A status of its own

How Facebook came to dominate social-networking.

The Facebook Effect vertical (photo credit: Courtesy)
The Facebook Effect vertical
(photo credit: Courtesy)
In late 2003, 19-year-old Harvard undergraduate Mark Zuckerberg started playing about with a new tech project. He already had an impressive track record of seeing through innovative ideas to fruition – an earlier project from high school had attracted interest from both Microsoft and AOL. But thefacebook.com – as it was known at the time – was something altogether different.
The premise was simple: to provide Harvard undergraduates an on-line portal to share information about themselves with their social network, a tool for enhancing relationships with people whom they knew or had interests in common. The service went live on February 4, 2004; in four days, 650 students had signed up, and within a month thefacebook.com had 10,000 members. A new paradigm in social communication was born.
How this project became the most influential presence in Internet history is the subject of David Kirkpatrick’s The Facebook Effect: The Inside Story of the Company that Is Connecting the World. Part corporate biography, part social analysis, it makes a good attempt at unpicking why Facebook has become so successful. As Kirkpatrick makes clear, Facebook’s dominance of the social networking world has much do with good timing, hard work and, occasionally, good fortune; but it is also as much about the inscrutable temperament of a focused young man, confident enough to trust his instincts in building his part-time project into a catalyst for shaping the future.
Numbers are significant to the Facebook success story. Because of its phenomenal take-up – half a billion users, 70 languages – Facebook has been able to use its demographic and geographic spread to fundamentally change the way in which people engage with each other. On the upper end of the intellectual scale, social networking creates the opportunity for users to share information and engage in compatible interests with consummate ease; at the other end, it facilitates “an element of wanting to belong, a dash of vanity and more than a little voyeurism.”
But Facebook also stands out for its meteoric – by any standard – rise as a commercial concern, with a paper value of $15 billion.
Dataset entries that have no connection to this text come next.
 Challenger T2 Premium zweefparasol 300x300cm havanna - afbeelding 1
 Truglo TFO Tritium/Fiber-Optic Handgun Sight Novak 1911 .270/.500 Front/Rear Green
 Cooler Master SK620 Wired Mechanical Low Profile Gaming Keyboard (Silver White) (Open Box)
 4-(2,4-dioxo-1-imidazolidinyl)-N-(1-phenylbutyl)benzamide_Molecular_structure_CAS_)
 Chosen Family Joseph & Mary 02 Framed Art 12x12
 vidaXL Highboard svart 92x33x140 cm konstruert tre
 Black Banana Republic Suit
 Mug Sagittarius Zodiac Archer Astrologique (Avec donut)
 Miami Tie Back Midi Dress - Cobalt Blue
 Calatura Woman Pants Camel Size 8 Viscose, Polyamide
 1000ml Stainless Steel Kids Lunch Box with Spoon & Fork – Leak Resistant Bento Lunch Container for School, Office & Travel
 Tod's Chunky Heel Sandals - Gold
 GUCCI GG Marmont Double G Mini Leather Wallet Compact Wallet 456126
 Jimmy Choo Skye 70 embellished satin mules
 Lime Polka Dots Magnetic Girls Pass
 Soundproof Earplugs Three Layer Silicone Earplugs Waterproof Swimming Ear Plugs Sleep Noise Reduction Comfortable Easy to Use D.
As a business case study, Kirkpatrick – for many years senior editor for Internet and technology at Fortune magazine – does a solid job of exploring the commercial factors in Facebook’s success. Primary among them was the access it provided to media and advertising concerns. Even in its infancy, Facebook offered access to what has been described as “the richest data set by a mile” for on-line marketeers: Because users invariably – and willingly – share significant personal information about themselves and their interests with their network, it afforded advertisers an unprecedented opportunity to tailor and target adverts specifically to relevant audiences.
That said, Kirkpatrick points out that Zuckerberg never intended Facebook to be just another platform for merchandising. Rather, commercial interests provided the wherewithal for a vision that is at once both astonishingly simple and breathtakingly audacious: “to change the world... to make (the world) a better place.”
Facebook’s value to users as a networking aid is predicated on the fact that users are generally – and unusually, in the murky anonymous world of the Internet – identifiable as the people they claim to be. Zuckerberg sees this as a good thing; as Kirkpatrick observes, Facebook was founded on “a radical social premise – that inevitably, enveloping social transparency will overtake modern life.”
Transparency is clearly no bad thing in itself, but as the author notes wryly: “For better or for worse, Facebook is causing a mass resetting of the boundaries of personal intimacy.” In this respect, one suspects that Facebook’s lasting legacy will be to change existing notions of the distinctions between public and private space.
Transparency, of course, extends beyond the personal into the realms of public accountability, corporate responsibility and good governance. “[Facebook] puts the onus on companies to be more good and trustworthy. A more transparent world creates a better-governed world and a fairer world.”
Kirkpatrick notes that it isn’t a surprise that Facebook has become a major agent for social activism, users mobilizing authentic grassroots support for challenging the status quo. Hierarchical boundaries are increasingly diminished, as more people find a voice and an audience for their opinions on Facebook.
On the whole, The Facebook Effect does a good job of tracing the maturation of both the platform and the founder, and the corporate and ideological tensions that Facebook – that Zuckerberg – has so far deftly negotiated. Lacking, a little disappointingly, is a wholehearted attempt at unpicking Zuckerberg himself. Facebook remains, first and foremost, a Zuckerberg project; aside from his 25 percent shareholding, he directly controls three of the five seats on the board, and thus is able to steer the company in precisely the direction he wants it to go.
Although, as Kirkpatrick documents, there has been the occasional hiccup along the way, Zuckerberg demonstrates an almost preternatural capacity for absorbing information and ideas, and for integrating them – when useful – into his grand vision for the future. Understanding where this vision grew from would be interesting; it might offer a glimpse into the future of Facebook, and the direction that Zuckerberg intends to steer it as it becomes a ubiquitous part of the social landscape. As Zuckerberg himself puts it, “The companies that succeed and have the best impact... are those that have the longest time horizon.”